I occasionally correspond (in English) with a German-born lady of a certain age who punctuates like this .It gets really hard to read when she misses the cap key on the next sentence .she has arthritic hands ,and I always assumed the unusual spacing was a holdover from German combined with no-longer-agile fingers ?i 've never mentioned it to her but she might be thrilled to learn she's part of a trend !
posted by Alylex at 1:53 PM on March 27, 2004


I have to admit to feeling the inclination to do it only recently. I have no idea why (other than that I might be picking it up from the universal mind).
It appears I've thought that the punctuation should be given its own space, like a word would receive.

The punctuation style I was most taken with when I read "Eats, Shoots & Leaves" recently, was the single-space pre-colon/semi-colon - double-space, post-colon/semi-colon. I'd demonstrate but MeFi strips out double-spaces.
posted by Blue Stone at 2:21 PM on March 27, 2004


I did it for quite a while but decided it was a bad habit and got rid of it. My personal reason for doing it was because of coding in C. I found that I could read my tri-graphs easier if I put a space between the ? and the condition. I've used way more tri-graphs than I've used question marks so it kind of carried over unconsciously. I was actually surprised when I saw other people doing it, they were usually people with a Computer Science background. I don't know if it's a Computer Science thing or not since that's not my background.
posted by substrate at 2:32 PM on March 27, 2004


They do it in French (and it should be a non-breaking space), but in Better Typography it's not a full word space, iIrc.
posted by Utilitaritron at 4:49 PM on March 27, 2004


It appears I've thought that the punctuation should be given its own space, like a word would receive.

That's interesting. You have your own definite logic for liking it, and to me that is the main thing. I think it appeals to me partially for the same reason (now that you've vocalized it for me), as well as the fact that it draws attention to the puncuation mark.

...or if the sentance can be interpreted as either a question or simply a statement, like . . . You're serious ?

BTW, Coyote, the question of whether it is proper to turn a declarative sentence into a question by adding a question mark (like that) was discussed here. I think it's perfectly fine.

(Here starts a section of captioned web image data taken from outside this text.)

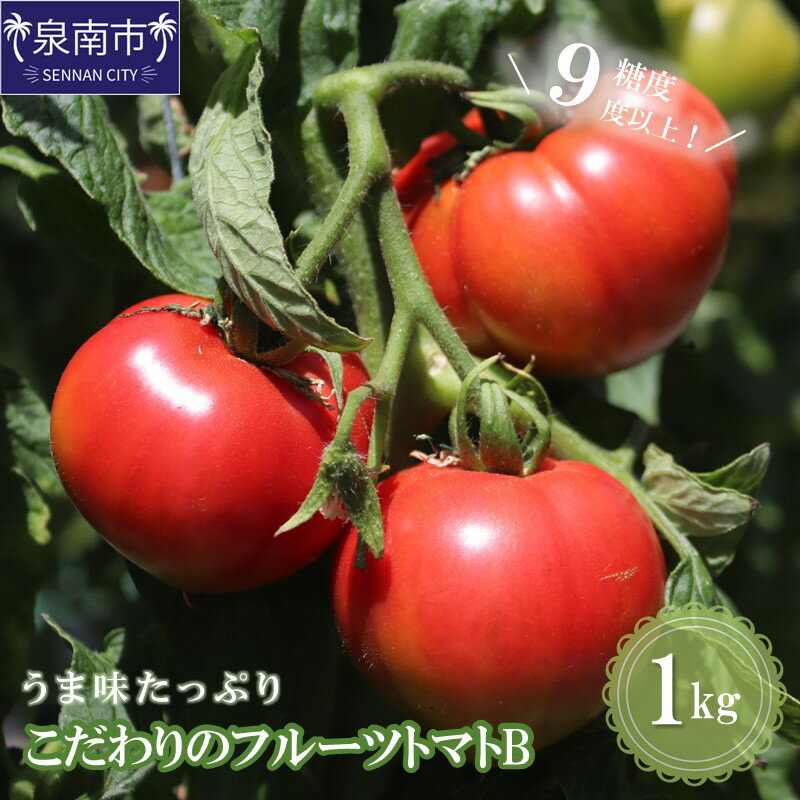 【糖度9度以上】うま味たっぷり こだわりのフルーツトマトB 1kg 野菜 食品 フルーツトマト ふるさと納税 トマト【配送不可地域：北海道・沖縄県・離島】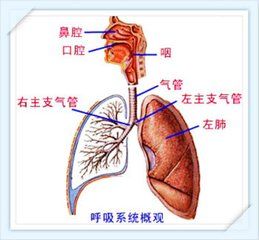 小兒上呼吸道感染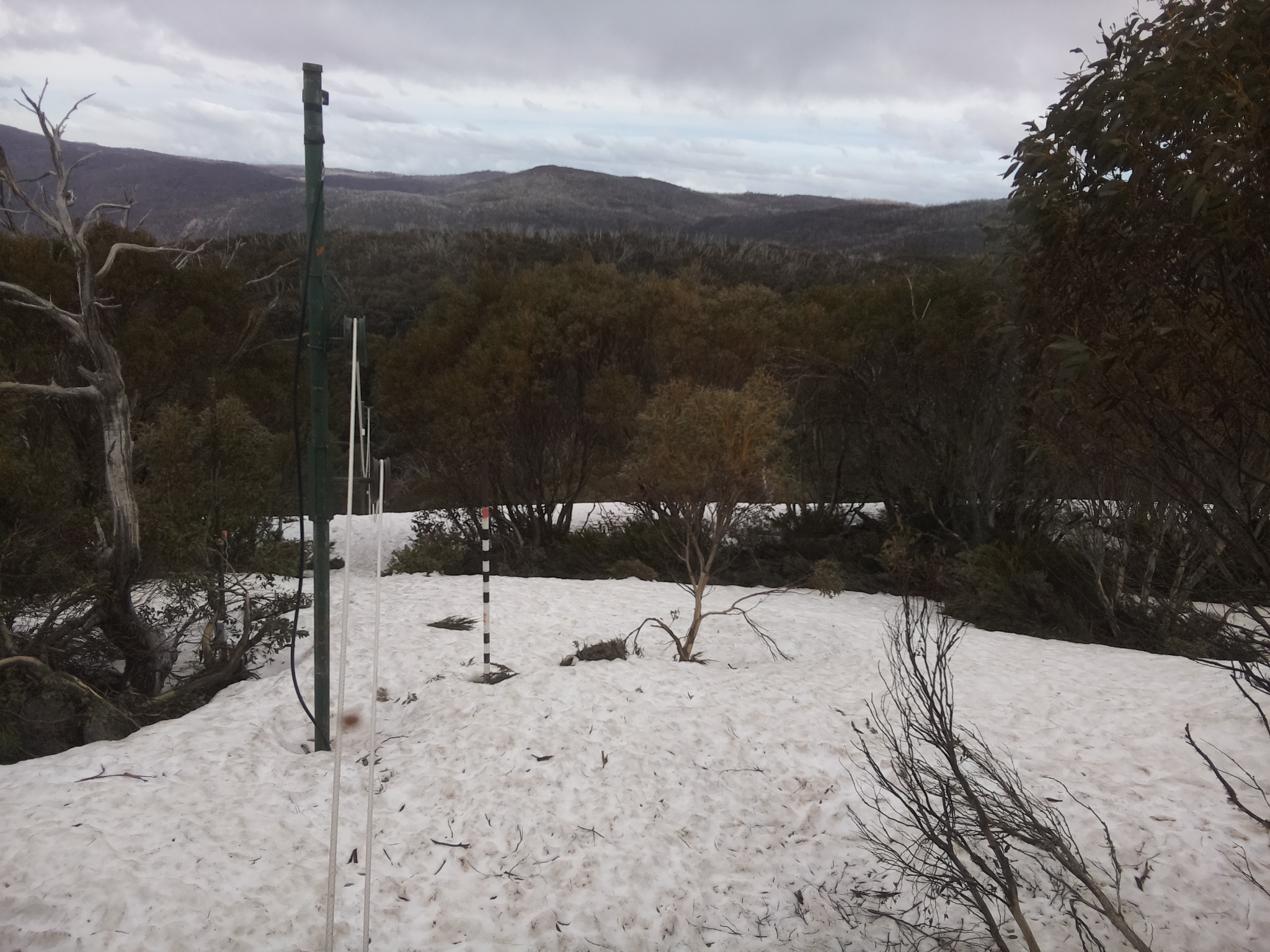 Bogong Web Cam 3:10pm Monday 6th of October 2025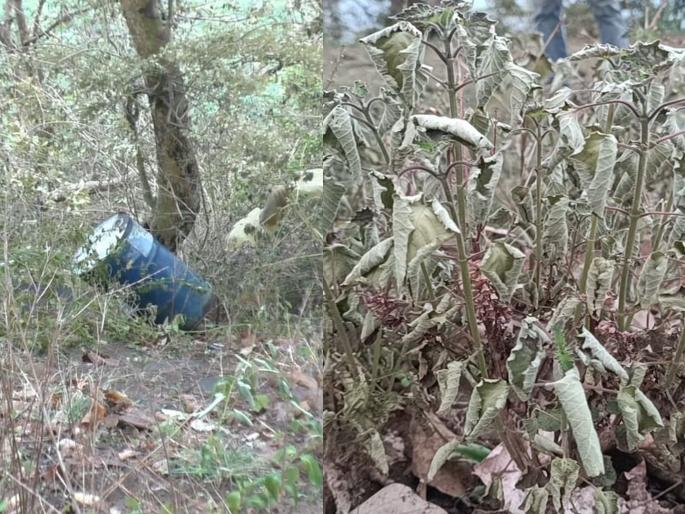 Drums of dangerous chemicals thrown from trucks in Madh forest | मढच्या जंगलात ट्रकमधून फेकले धोकादायक केमिकलचे ड्रम; श्वास घ्यायला होतोय त्रास Drums of dangerous chemicals thrown from trucks in Madh forest | मढच्या जंगलात ट्रकमधून फेकले धोकादायक केमिकलचे ड्रम; श्वास घ्यायला होतोय त्रास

Then again, conversely, I was thinking tonight that sometimes "Who knows" is best expressed as a declarative sentence without a question mark, when it is said dejectedly to mean "No one knows."

I always assumed the unusual spacing was a holdover from German combined with no-longer-agile fingers ?i 've...

Heh, alylex!

Blue Stone :  I think I know what you mean ;-)

Thanks, all, for an interesting discussion...
posted by Shane at 6:34 PM on March 27, 2004


Blue Stone, is Eats, Shoots & Leaves out already? I thought it wasn't due until April. If it's on the shelf, I'm all over it. What in the world is a pre-colon? Guess I'll find out when I get the book, eh?

Thanks for a good question, Shane.
posted by Alylex at 9:57 PM on March 27, 2004


if we're just willy-nilly saying how we would like the question mark to be used with no regard to standard usage i like spanish's way of putting it around the whole sentence, like a modifier. it makes a lot more sense to me conceptually.

¿don't you think?
posted by rhyax at 11:24 PM on March 27, 2004


I've never prefaced a question mark with a space (except after code or URLs)... though I always preface a colon with one — as I find it's hard to see it otherwise.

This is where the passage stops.